[Items from a data source]
· · · · · · ·
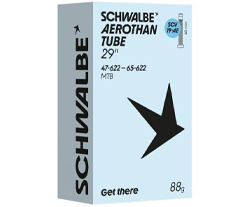 Schwalbe 29 Tum Innerslang Clik Valve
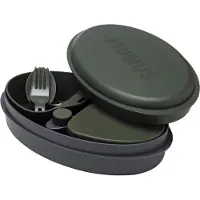 Primus Meal Set verde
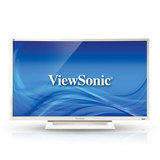 优派VX3203S-W 32寸1080P全高清超广视角LED白色液晶电脑显示器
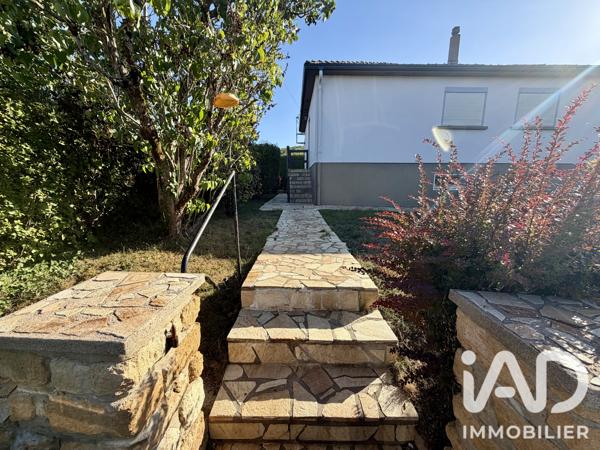 Maison à vendre 5 pièces 120 m² Gorcy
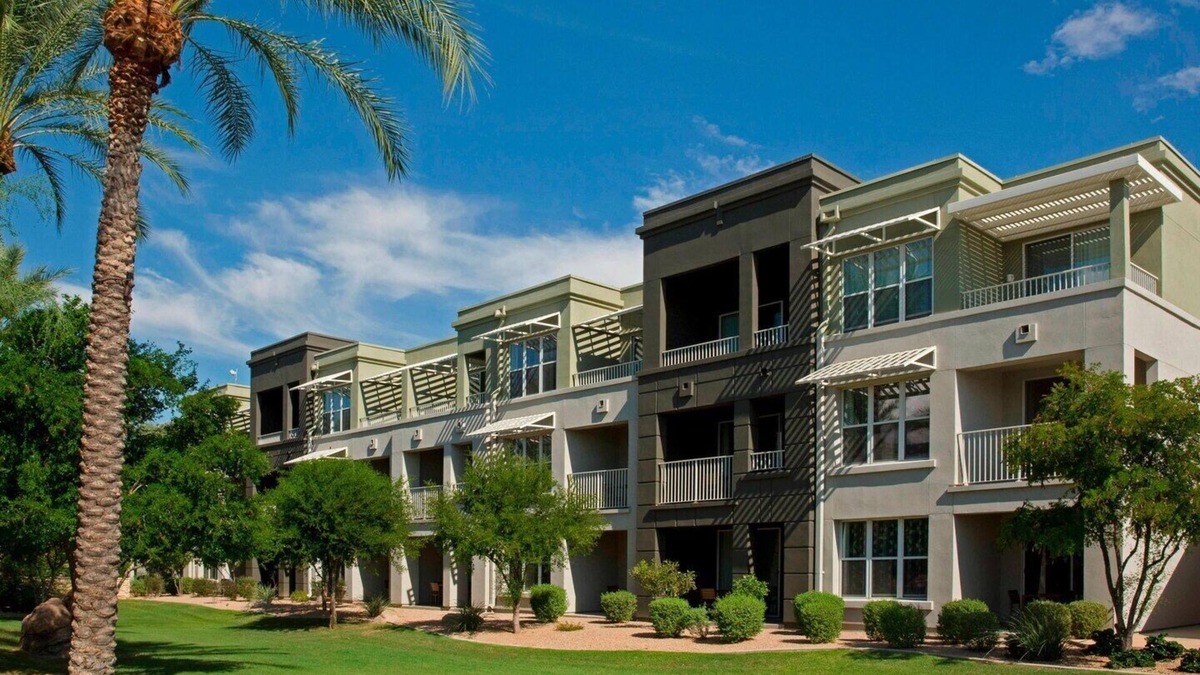 Desert Ridge Condo | Marriott Canyon Villas 2 bedroom 2 bath -Owner Direct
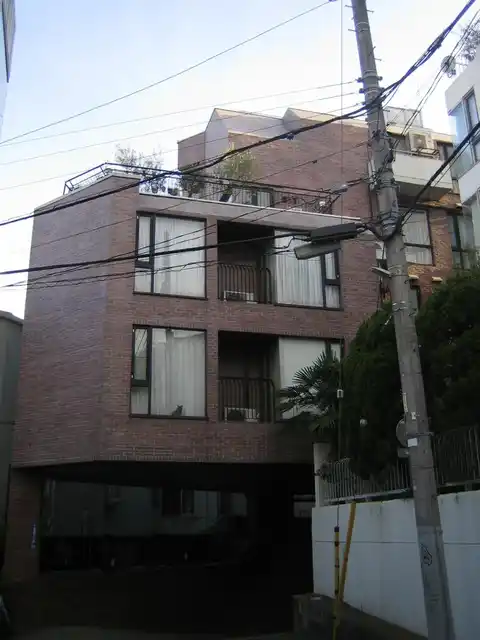 ベルテ原宿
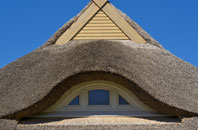 Engollan thatch roofing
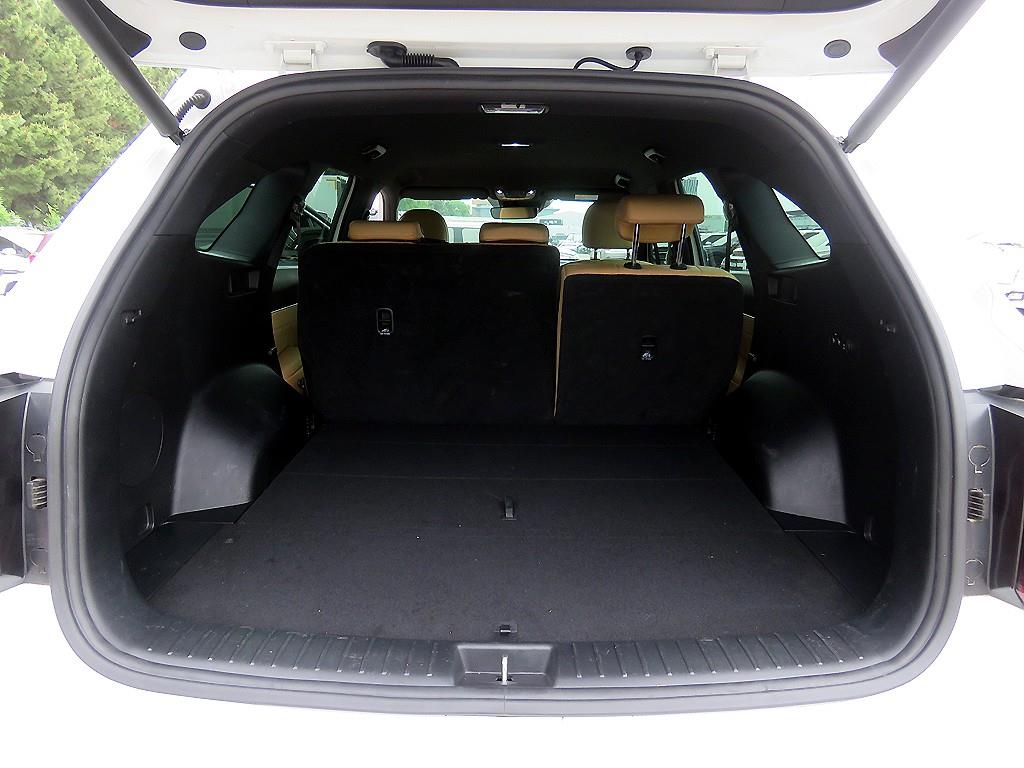 KIA Sorento - Vista 5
· · · · · · ·
**ABOUT THIS EXERCISE**
Transcribe exactly, and only, the lines from the one with "优派VX3203S-W 32寸1080P全高清超广视角LED白色液晶电脑显示器" through the final line of the data above. The pictures stay out.

**ANSWER SPACE**
 优派VX3203S-W 32寸1080P全高清超广视角LED白色液晶电脑显示器
 Maison à vendre 5 pièces 120 m² Gorcy
 Desert Ridge Condo | Marriott Canyon Villas 2 bedroom 2 bath -Owner Direct
 ベルテ原宿
 Engollan thatch roofing
 KIA Sorento - Vista 5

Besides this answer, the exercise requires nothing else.